>>
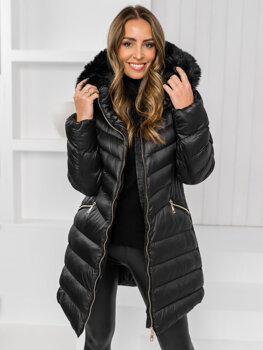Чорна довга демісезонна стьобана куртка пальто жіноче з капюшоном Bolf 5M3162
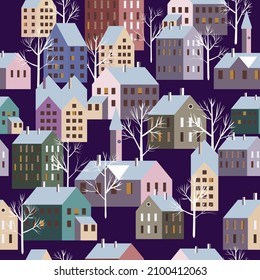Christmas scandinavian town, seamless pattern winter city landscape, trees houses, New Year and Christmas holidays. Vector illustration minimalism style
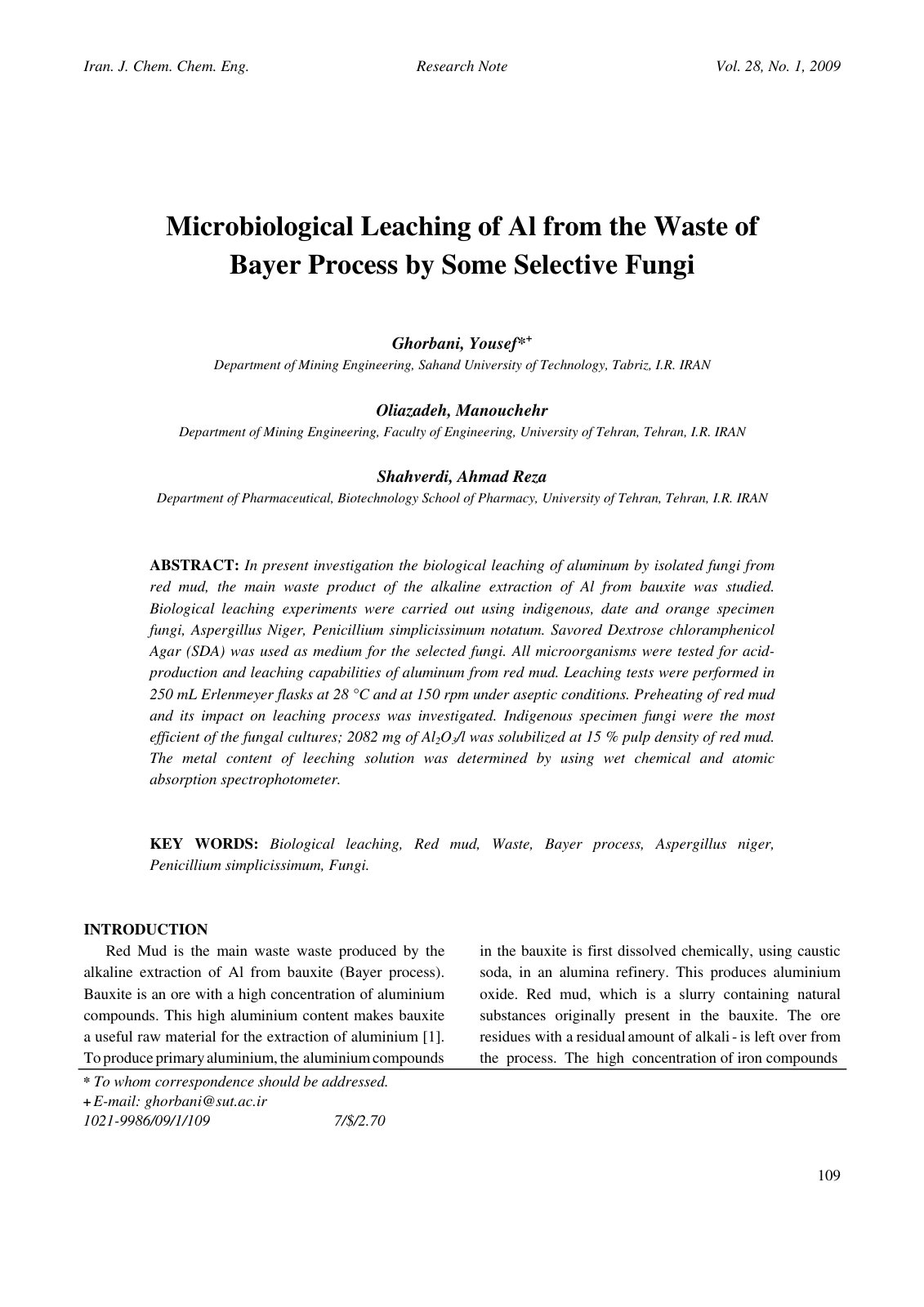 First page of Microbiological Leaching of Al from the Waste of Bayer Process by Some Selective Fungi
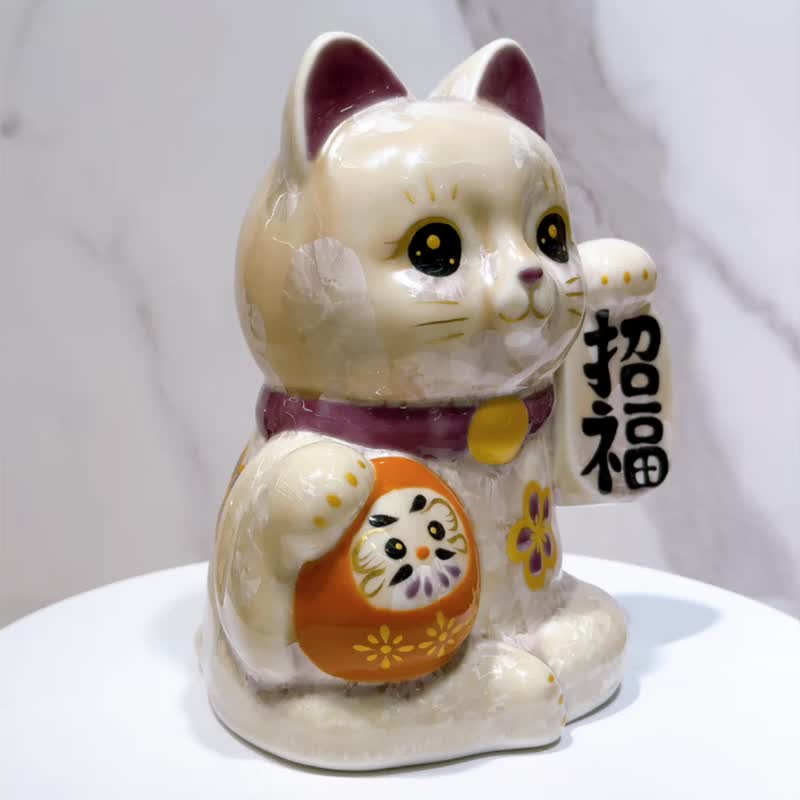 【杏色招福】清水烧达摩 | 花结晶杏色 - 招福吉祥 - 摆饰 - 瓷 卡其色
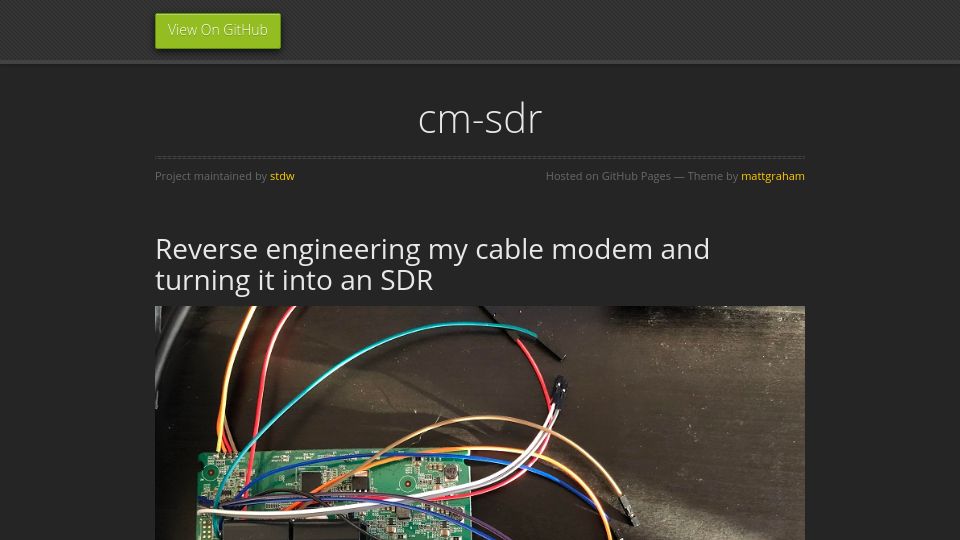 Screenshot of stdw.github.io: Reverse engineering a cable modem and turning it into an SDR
<<
Pictures are not part of the copy; reproduce exactly and only the lines from the line containing "- 摆饰 - 瓷 卡其色" through the end of the listing.

Written answer:
 【杏色招福】清水烧达摩 | 花结晶杏色 - 招福吉祥 - 摆饰 - 瓷 卡其色
 Screenshot of stdw.github.io: Reverse engineering a cable modem and turning it into an SDR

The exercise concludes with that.